Retype exactly the lines from the one that contains "Piles, Les - Església" through the end of the listing, both included, but not the pictures.

AVAILABLE DATA:
'''
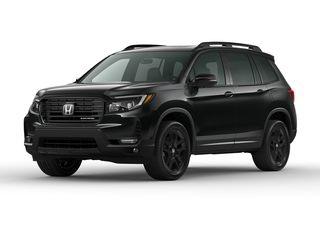 2025 Honda Passport AWD Black for sale in Madison, WI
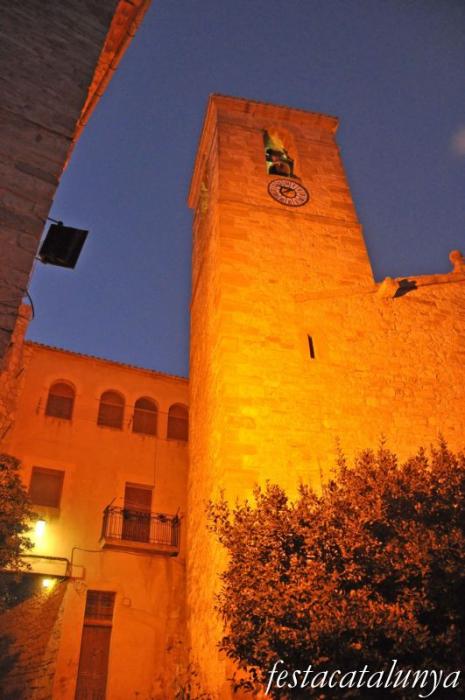 Piles, Les - Església parroquial de Sant Martí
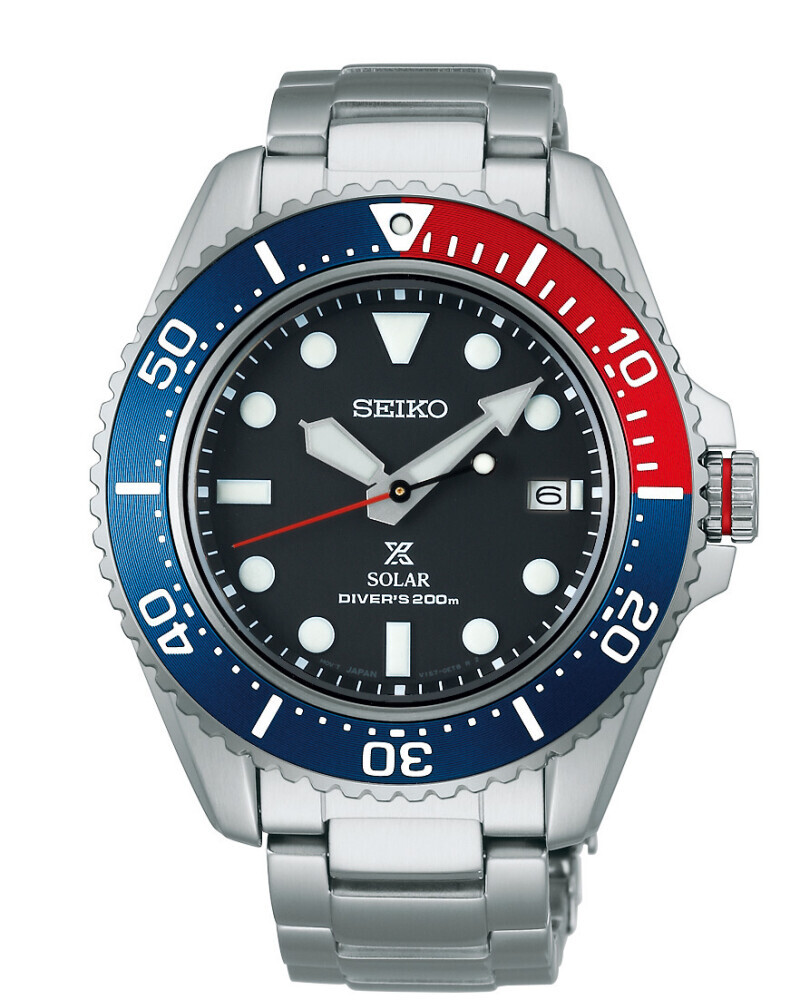 Seiko Prospex SEA Solar Diver's - SNE591P1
'''
WRITTEN SOLUTION:
 Piles, Les - Església parroquial de Sant Martí
 Seiko Prospex SEA Solar Diver's - SNE591P1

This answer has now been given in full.